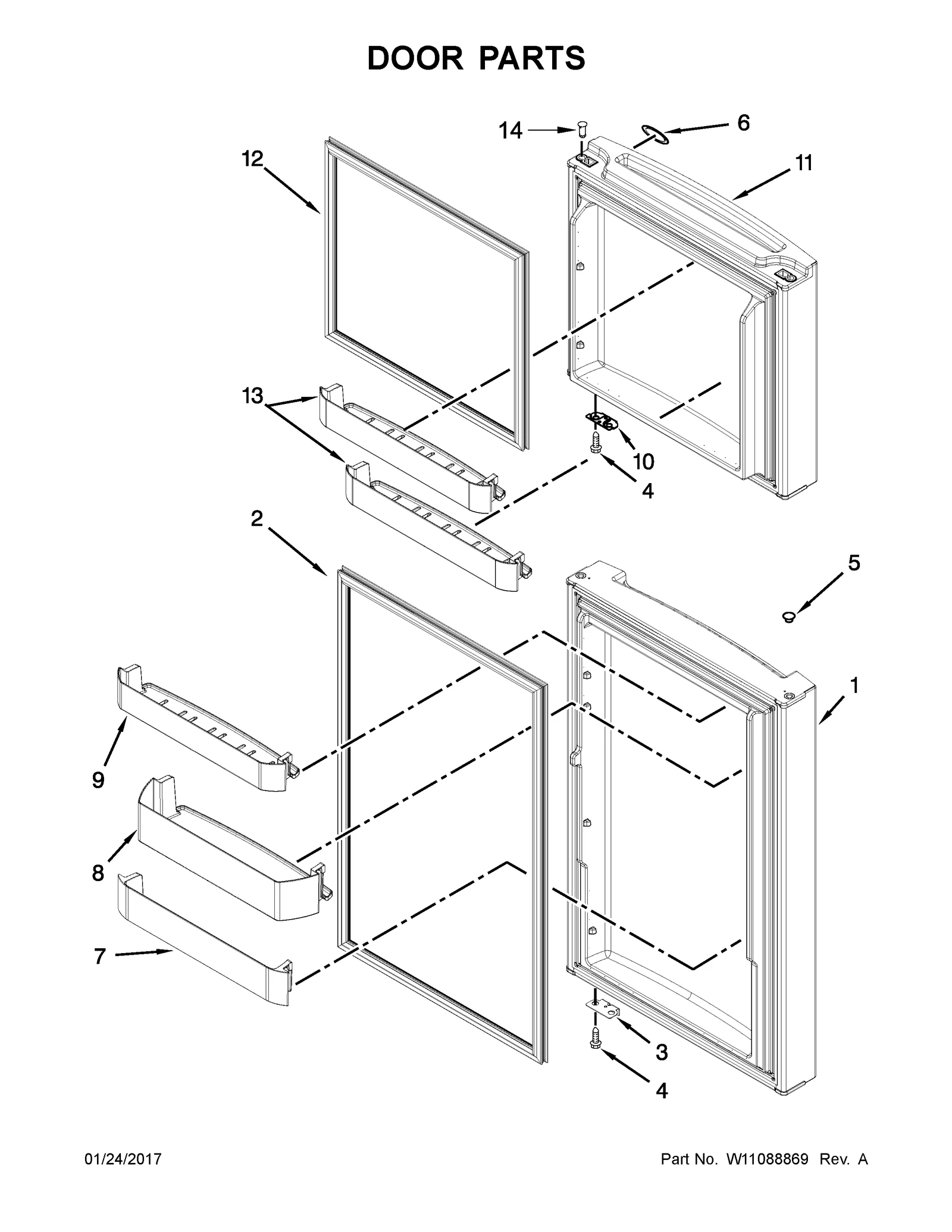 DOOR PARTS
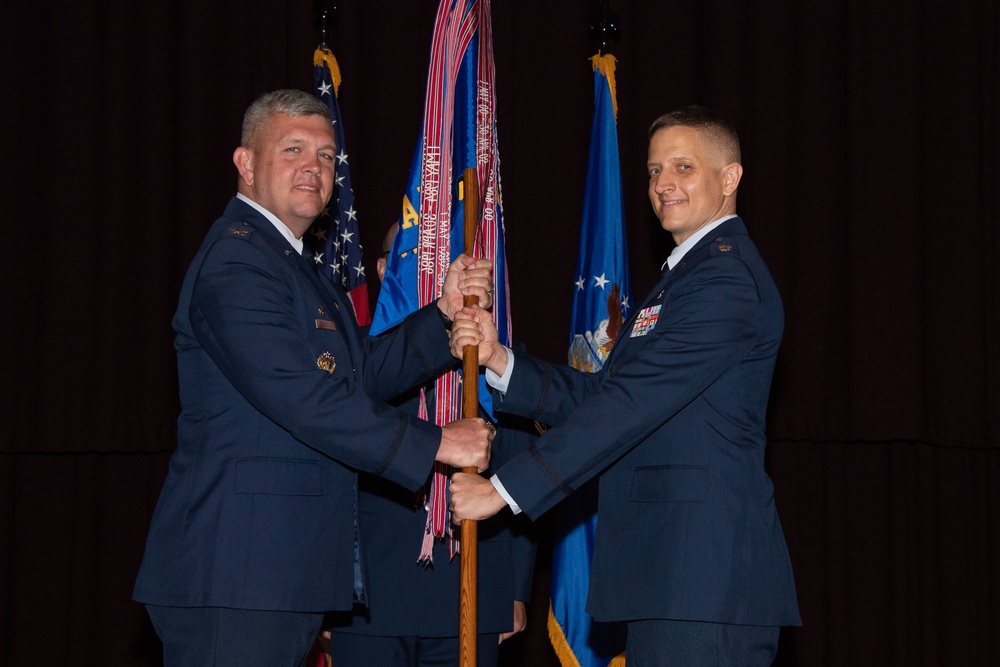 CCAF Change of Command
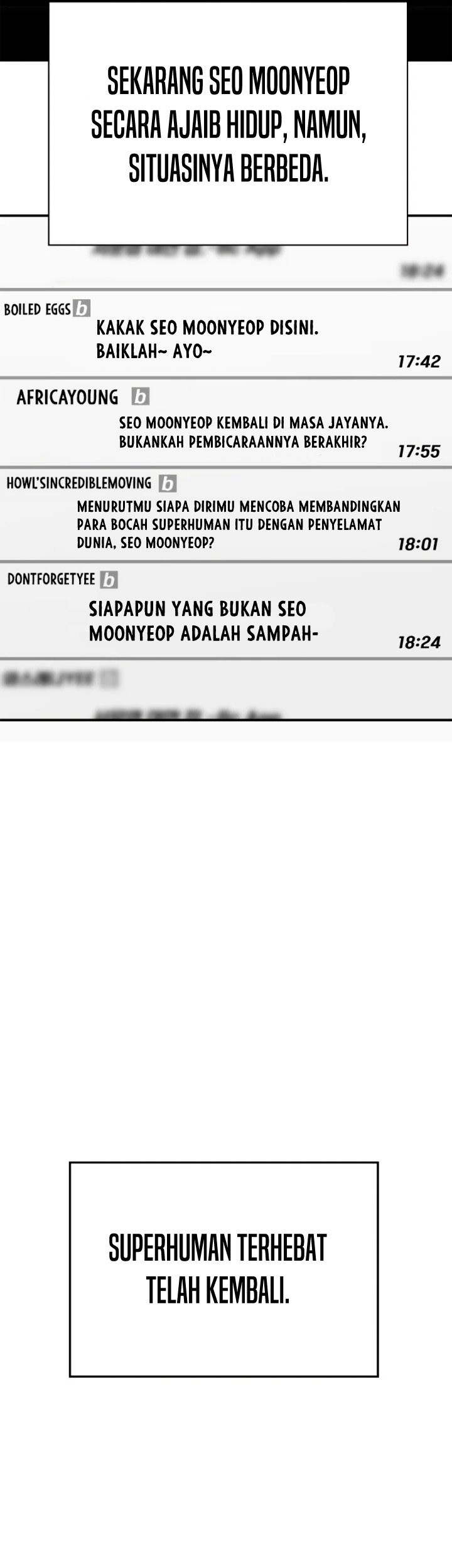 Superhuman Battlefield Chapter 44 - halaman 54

_ABOUT THIS EXERCISE_
Retype the lines starting with the one that holds "CCAF Change of Command" and ending with the last line of the data above, both included; skip the pictures.

_EXERCISE RESPONSE_
 CCAF Change of Command
 Superhuman Battlefield Chapter 44 - halaman 54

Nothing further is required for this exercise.